Сколько это ни удивительно, но превращение художника в пророка у нас всегда бывает омрачено некоторыми побочными эффектами не самого симпатичного свойства, интоксикацией в своем роде. Дело в том, что богу так же трудно среди людей, как среди малолетних преступников доктору философии: Иисус Христос, по свидетельству Евангелий, скорее был грозен, чем благостен по отношению к иудеям, Гоголь, как только почувствовал себя «доверенным лицом мирового духа», в быту стал совершенно непереносим, Достоевский сделался гражданином-отшельником той планеты, которую сам же и изобрел. Что касается Льва Толстого, то он был прямым тираном в границах своей идеи, и тут вырисовывается такая закономерность: чем фундаментальней, продуктивней, путеводительней новая нравственная доктрина, тем в большей степени автор ее деспотизируется, так сказать; но при этом он одновременно становится и рабом этой своей доктрины, способным воспринимать мир исключительно через ее догматы и постулаты, и даже он отчасти становится мизантропом, готовым атаковать самые невинные человеческие радости, от радости физической близости «до искусства». «Балет же, в котором полуобнаженные женщины делают сладострастные движения, переплетаются в разные чувственные гирлянды, есть прямо развратное представление» — это не Победоносцев писал, не Иоанн Кронштадтский, а творец дяди Ерошки, Наташи Ростовой и двух гусаров. Или: «Половая страсть, как бы она ни была обставлена, есть зло, страшное зло, с которым надо бороться, а не поощрять, как у нас. Слова Евангелия о том, что смотрящий на женщину с вожделением уже прелюбодействовал с нею, относятся не к одним чужим женам, а именно — и главное — к своей жене» — и это написал не столпник какой-нибудь, не аскет, а живой человек, постигший все прелести плотской любви, знавший множество разных женщин и наплодивший с полтора десятка детей, законных и незаконных. Но этот пункт еще можно понять, ибо речь идет о болезни роста: мрачный ригоризм, в который Толстой впал на старости лет, объясняется тем же, что и влюбчивость молодежи.

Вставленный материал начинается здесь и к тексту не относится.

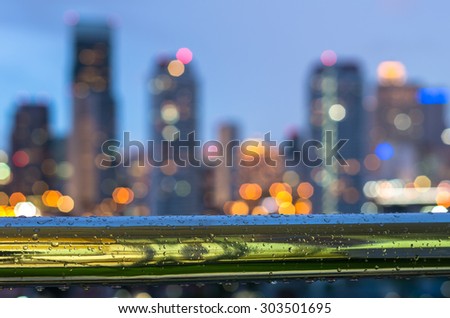 cityscape blurred photo with rains at twilight time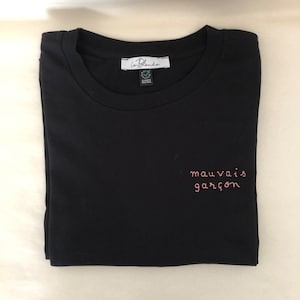 MAUVAIS GARCON // Hand embroidered T-shirt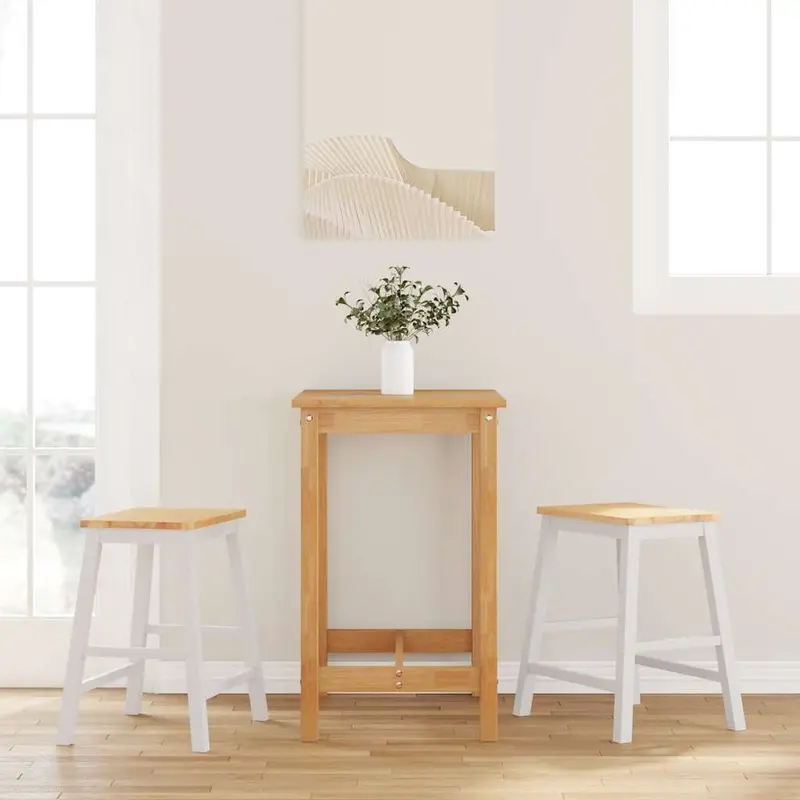 Sillas de bar 2 uds madera maciza blanca caucho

Особенно зашорен и до капризности неуступчив Лев Николаевич был в отношении венца своей религиозной доктрины — идеи непротивления злу насилием, то бишь даже не до капризности — до смешного. Однажды какой-то студент из Тулы, исповедовавший толстовство, прямодушно его спросил:
— А что, Лев Николаевич, если на меня набросится тигр? Вот так просто и отдаться ему на съедение?